What to do:
The lines needed run from the one that contains "375x527 wormhole drawings" through the end of the material below, both included; write them out exactly, with no pictures.

Records shown:
━━━━━━━━━━━━━━━━━━━━

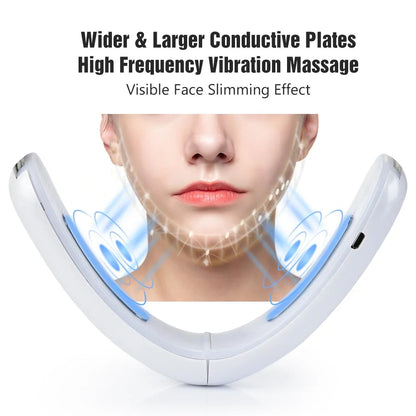 3-in-1 Microcurrent IPL Facial Lifting Massager – Skin Tightening, Anti-Aging & Face Contouring Device (UAE)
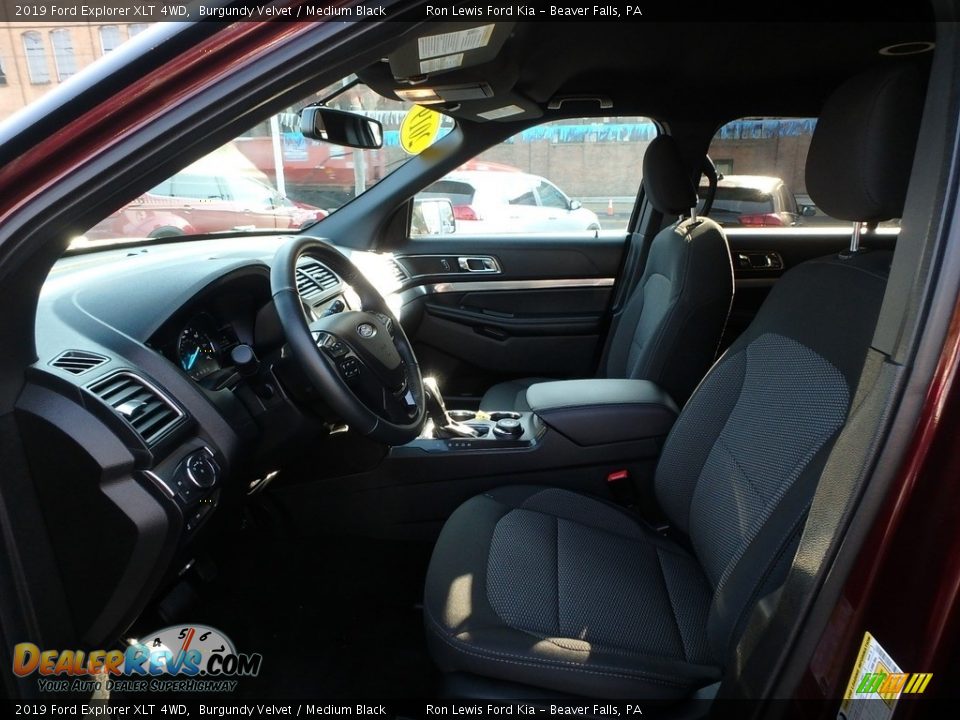 2019 Ford Explorer XLT 4WD Burgundy Velvet / Medium Black Photo #12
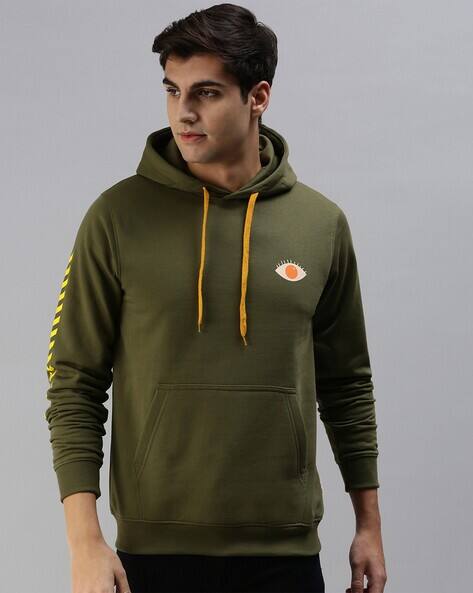 Buy Olive Sweatshirt u0026 Hoodies for Men by VEIRDO Online | Ajio.com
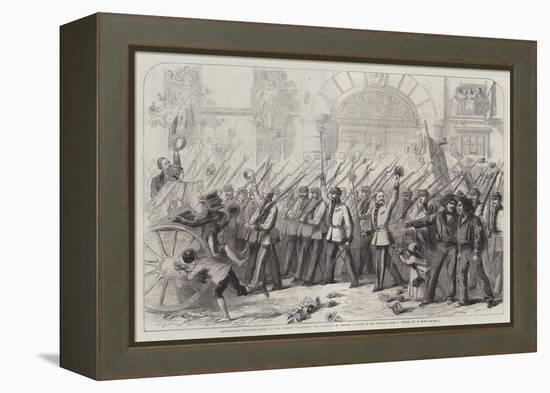 Enthusiastic Reception Given to the British Volunteers for Garibaldi at Naples-Thomas Nast-Framed Premier Image Canvas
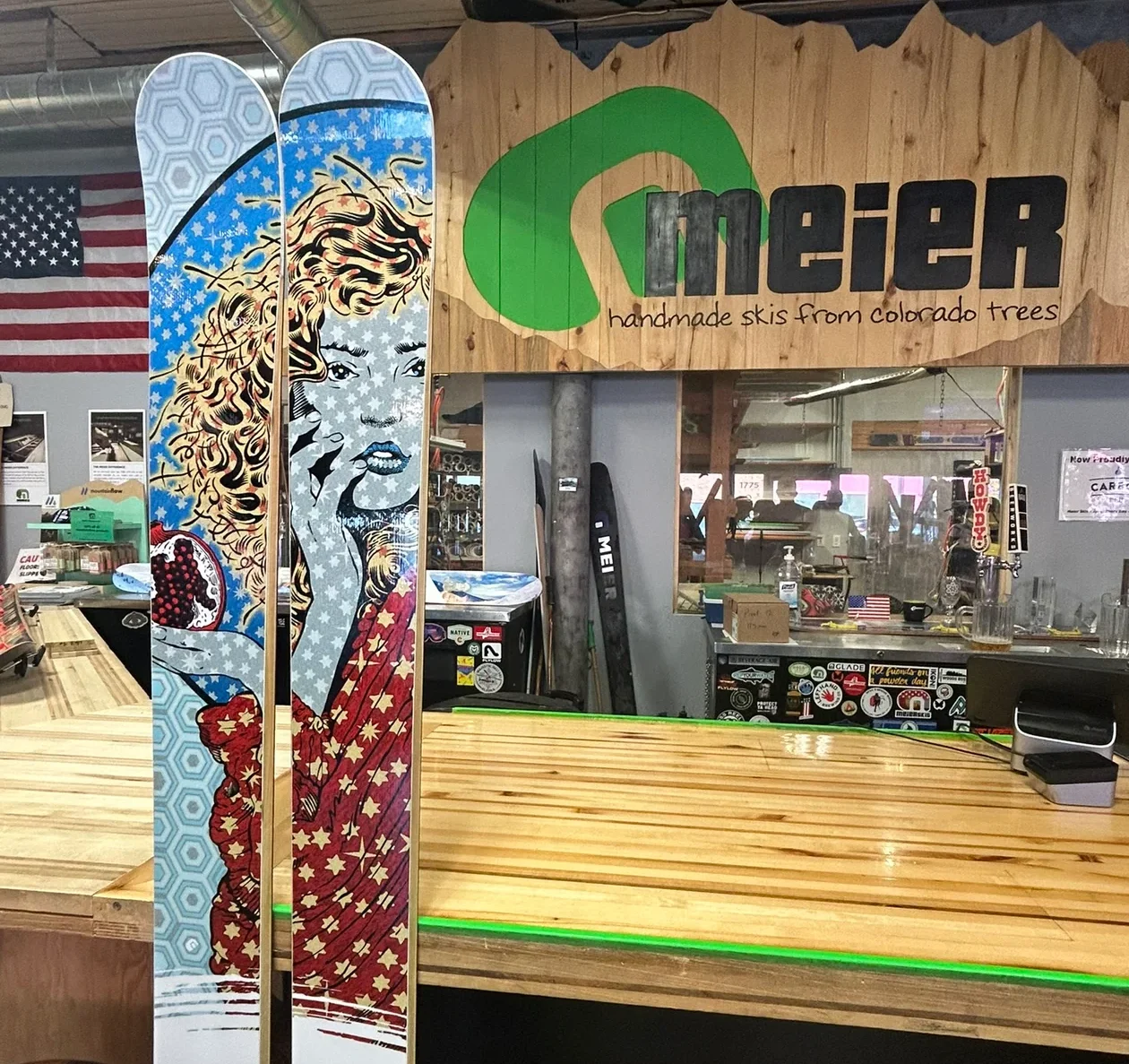 Sperry’s “Winter Lady” Release On Meier Skis Chuck Sperry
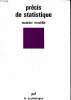 Précis de statistique Collection Le psychologue. Reuchlin Maurice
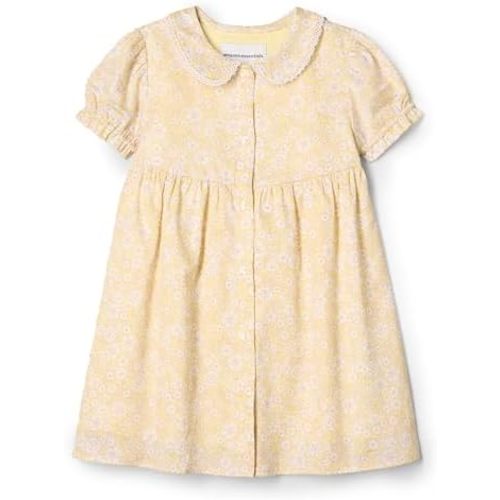 Amazon Essentials x Sofia Grainge Toddlers and Baby Girls' Cotton Sateen Dress with Collar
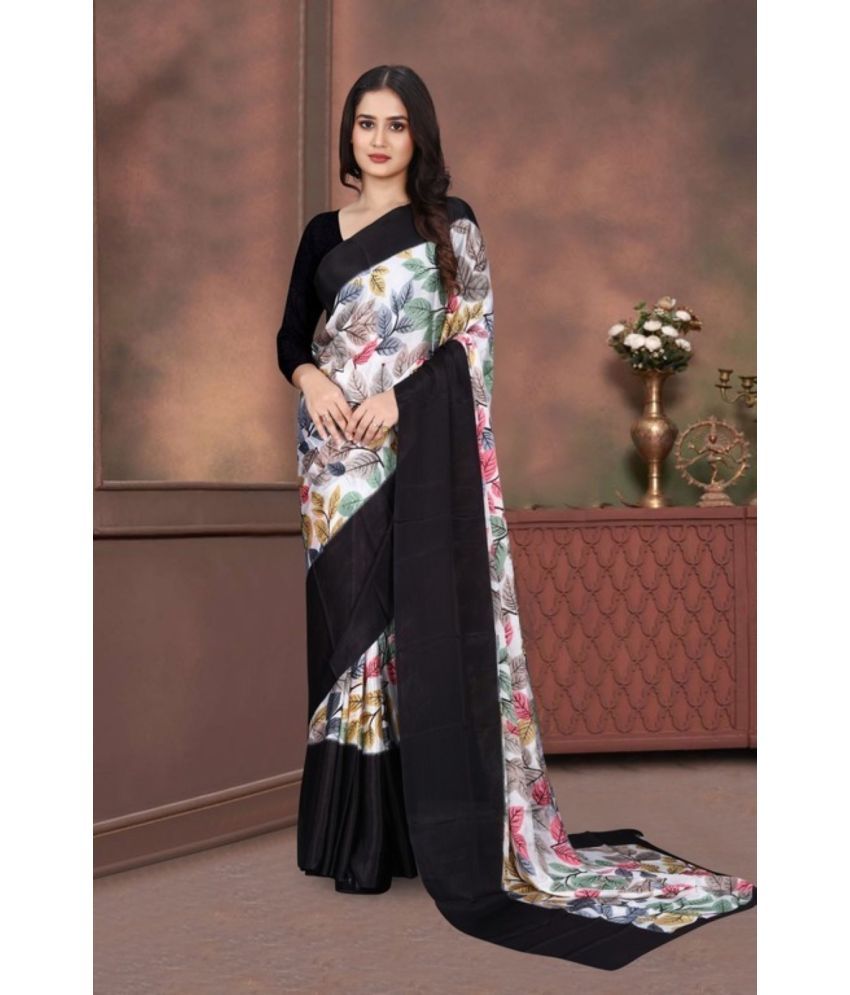     			JIHANA FAB Pack of 1 Chiffon Printed Saree With Blouse Piece ( Multicolor )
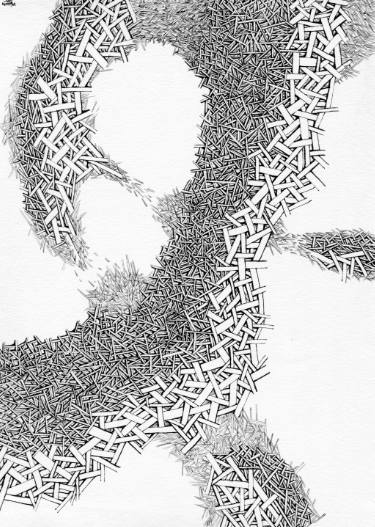 375x527 wormhole drawings for sale saatchi art - Wormhole Drawing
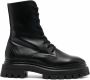 Stuart Weitzman Leren veterlaarzen Zwart - Thumbnail 1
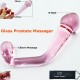 Pink Glass G Spot and Prostate Stimulator.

━━━━━━━━━━━━━━━━━━━━

Output:
 375x527 wormhole drawings for sale saatchi art - Wormhole Drawing
 Stuart Weitzman Leren veterlaarzen Zwart - Thumbnail 1
 Pink Glass G Spot and Prostate Stimulator.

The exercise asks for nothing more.